§ TASK PROMPT
The listing below holds a line with "Convertidor catalítico para" and a line with "Seed object transparent psd". Reproduce those two lines exactly, plus everything between them.

§ RECORDS PROVIDED
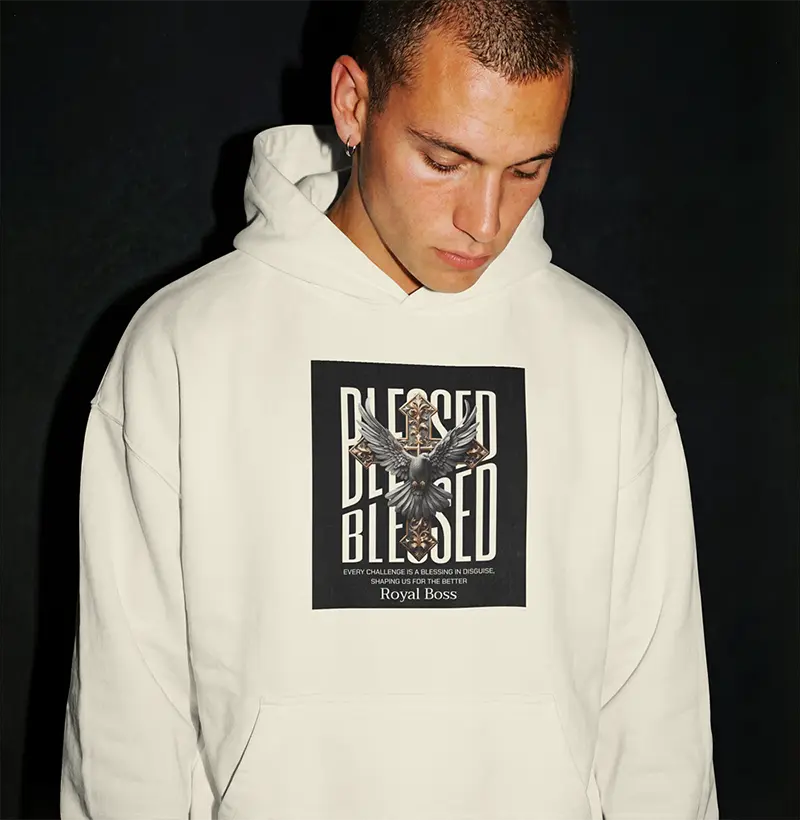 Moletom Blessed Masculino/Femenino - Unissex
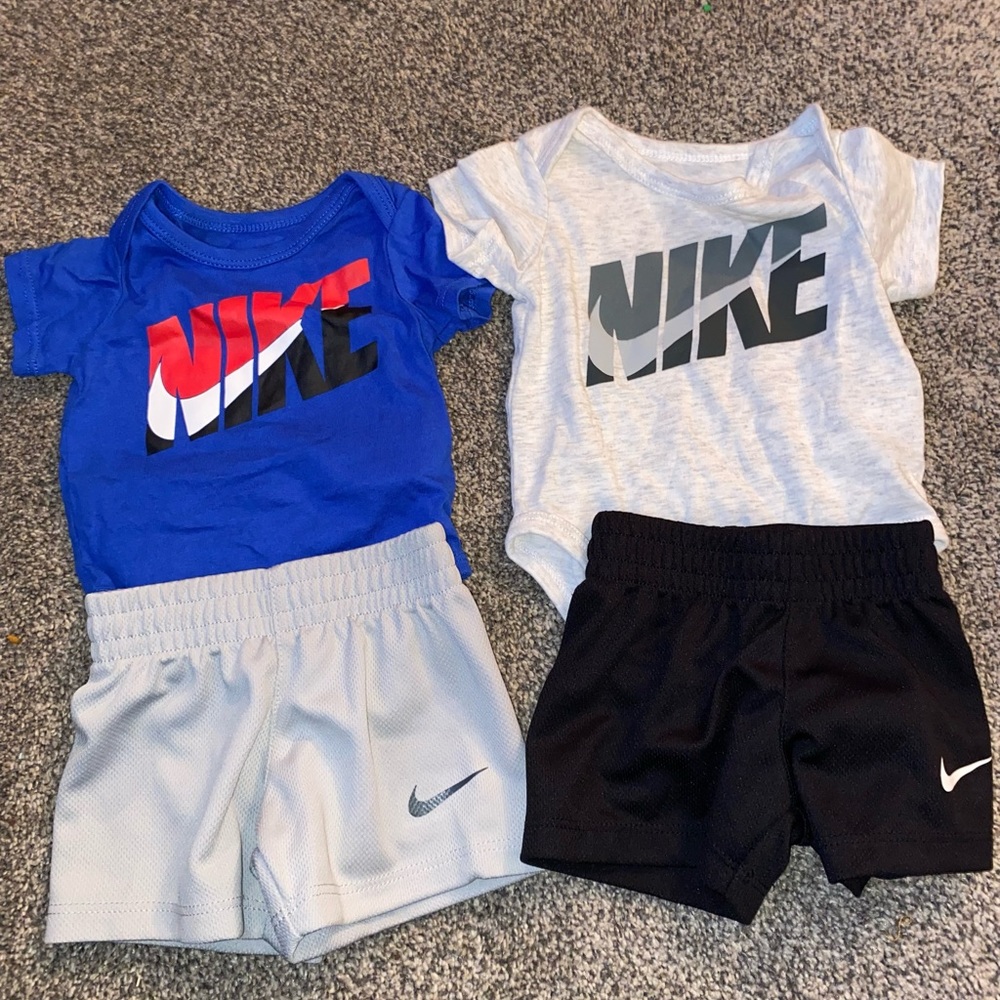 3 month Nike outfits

==

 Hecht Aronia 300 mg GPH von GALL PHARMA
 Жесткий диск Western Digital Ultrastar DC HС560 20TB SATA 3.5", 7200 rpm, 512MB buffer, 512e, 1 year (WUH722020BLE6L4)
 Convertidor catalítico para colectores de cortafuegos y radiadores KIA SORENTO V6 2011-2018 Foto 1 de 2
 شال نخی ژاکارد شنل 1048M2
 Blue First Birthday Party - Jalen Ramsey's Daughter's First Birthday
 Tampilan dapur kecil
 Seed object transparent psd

§ SOLUTION
 Convertidor catalítico para colectores de cortafuegos y radiadores KIA SORENTO V6 2011-2018 Foto 1 de 2
 شال نخی ژاکارد شنل 1048M2
 Blue First Birthday Party - Jalen Ramsey's Daughter's First Birthday
 Tampilan dapur kecil
 Seed object transparent psd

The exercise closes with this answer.